- **Exercise description**:
The response must contain every line from the records below that has "Gold".

[Source data]
◆ ◆ ◆ ◆ ◆ ◆ ◆
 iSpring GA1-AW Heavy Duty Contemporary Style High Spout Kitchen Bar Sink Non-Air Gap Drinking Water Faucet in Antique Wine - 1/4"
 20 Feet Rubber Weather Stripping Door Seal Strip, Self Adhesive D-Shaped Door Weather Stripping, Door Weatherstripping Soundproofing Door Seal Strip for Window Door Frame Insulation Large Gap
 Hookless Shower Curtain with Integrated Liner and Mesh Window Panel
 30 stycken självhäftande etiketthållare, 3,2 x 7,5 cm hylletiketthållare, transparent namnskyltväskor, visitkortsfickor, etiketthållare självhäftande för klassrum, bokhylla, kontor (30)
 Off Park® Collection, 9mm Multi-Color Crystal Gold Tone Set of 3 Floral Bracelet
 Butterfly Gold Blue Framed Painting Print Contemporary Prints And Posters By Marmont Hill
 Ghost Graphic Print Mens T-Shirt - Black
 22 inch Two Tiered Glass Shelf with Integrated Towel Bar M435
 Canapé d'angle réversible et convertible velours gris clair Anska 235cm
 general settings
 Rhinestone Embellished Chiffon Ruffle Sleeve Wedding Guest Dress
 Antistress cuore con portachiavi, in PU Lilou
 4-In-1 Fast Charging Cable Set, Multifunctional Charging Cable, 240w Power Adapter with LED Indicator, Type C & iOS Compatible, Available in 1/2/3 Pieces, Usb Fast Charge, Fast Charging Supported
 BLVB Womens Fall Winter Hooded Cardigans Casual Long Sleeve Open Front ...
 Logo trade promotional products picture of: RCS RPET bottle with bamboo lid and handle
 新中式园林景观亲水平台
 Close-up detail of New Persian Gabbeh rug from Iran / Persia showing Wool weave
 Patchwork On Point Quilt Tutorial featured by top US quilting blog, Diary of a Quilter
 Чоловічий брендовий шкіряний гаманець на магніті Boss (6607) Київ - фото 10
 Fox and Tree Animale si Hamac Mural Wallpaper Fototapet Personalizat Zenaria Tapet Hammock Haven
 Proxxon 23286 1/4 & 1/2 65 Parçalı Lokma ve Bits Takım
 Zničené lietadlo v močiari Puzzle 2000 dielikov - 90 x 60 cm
◆ ◆ ◆ ◆ ◆ ◆ ◆
- **Exercise answer**:
 Off Park® Collection, 9mm Multi-Color Crystal Gold Tone Set of 3 Floral Bracelet
 Butterfly Gold Blue Framed Painting Print Contemporary Prints And Posters By Marmont Hill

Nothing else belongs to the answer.